Penny is an expert in our financial services regulation and funds, KiwiSaver and superannuation practices.
Penny advises extensively on the full range of legislation affecting fund managers and financial service providers, including the Financial Markets Conduct Act, Financial Advisers Act, Financial Service Providers (Registration and Dispute Resolution) Act, Anti-Money Laundering and Countering Financing of Terrorism Act, Insurance (Prudential Supervision) Act, the trans-Tasman mutual recognition regime and non-bank deposit takers laws.
She advises clients on the establishment, restructuring and compliance of investment products and on mergers and acquisitions and corporate restructurings in the financial services industry.
Penny is recognised as an “up and coming” leading lawyer by Chambers Asia Pacific 2016 and “is recognised for her strong client base”. One source comments "She is a young partner who I think highly of. She is bright, dedicated and hard-working".

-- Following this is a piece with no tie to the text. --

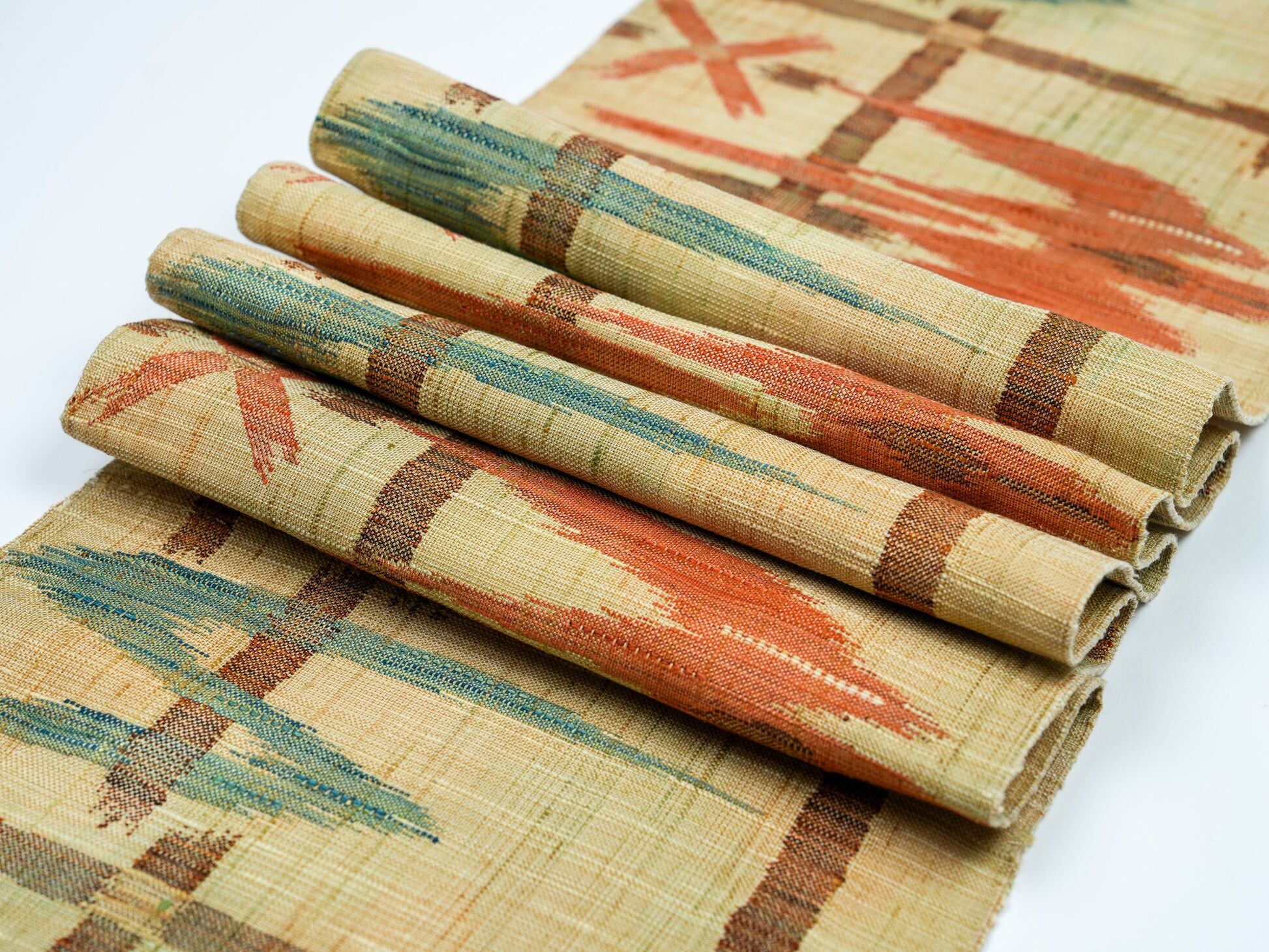 Nappe en lin tissée à la main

Prior to joining Chapman Tripp in 2002, Penny worked for the Securities Commission and Takeovers Panel.
Penny has advised on:
- the product design, establishment, restructuring and ongoing compliance of various managed investment scheme products (including PIE and FDR structures, and unit trusts) for clients including Westpac New Zealand and BT Funds Management entities, AMP entities, BNZ, Fisher Funds Management, Pie Funds Management, Nikko Asset Management, HSBC, the Equitable Group, First NZ Capital Investment Management, Russell and Trust Investments Management
- FMCA transitions for a range of clients, including obtaining licenses and preparing product documentation for fund managers and discretionary investment management service providers, including Westpac New Zealand and BT Funds Management, Fisher Funds, Nikko Asset Management and Pie Funds Management
- numerous service provider, distribution, subscription, custody, registry and investment management agreements
- insurers and reinsurers on licensing and compliance with the Insurance (Prudential Supervision) Act, including solvency standards, statutory funds and on regulated transfers of insurance products
- derivative issuer licensing and compliance
- non-bank deposit taker licensing and compliance
- anti-money laundering law compliance, including preparation of compliance programme and risk assessments
- the establishment of cash and term PIEs, including advising AMP Capital Investors (New Zealand) on its development of the first Cash Advantage Fund with Rabobank, advising BT Funds Management on the establishment of the Westpac Cash Plus Trust, Cash Pie Fund, Term PIE Fund and Notice Saver PIE Fund, and advising BNZ on the establishment of the BNZ Term PIE
- fund restructurings, including advising First NZ Capital on the spinout of its “FNZ” wrap business and the separation of its “in house” book into PIE companies, advising BT Funds Management on product consolidation and the restructuring of its retail and wholesale businesses, and advising a range of managers on fund closures and wind-ups
- cross-border securities and financial services law compliance, including advising on mutual recognition regime for funds offered in New Zealand by Australian responsible entities such as Colonial First State Investments, Aberdeen Asset Management, Henderson, Schroders, Man Investments, Australian Unity Funds Management, Aurora Funds Management, Russell Investment Group and Ray White Investors
- numerous applications to, and negotiations with supervisors and regulators, including the Financial Markets Authority, the Takeovers Panel, NZX, the Companies Office and Reserve Bank for New Zealand
- the offer and listing of NZSX and NZDX listed products, including advising Mercantile Investment Company on its listing in New Zealand, and
- the establishment the Trafalgar Copley NZ Fund, one of New Zealand’s first hedge funds, including advising on securities law compliance and obtaining New Zealand futures dealing authorisations.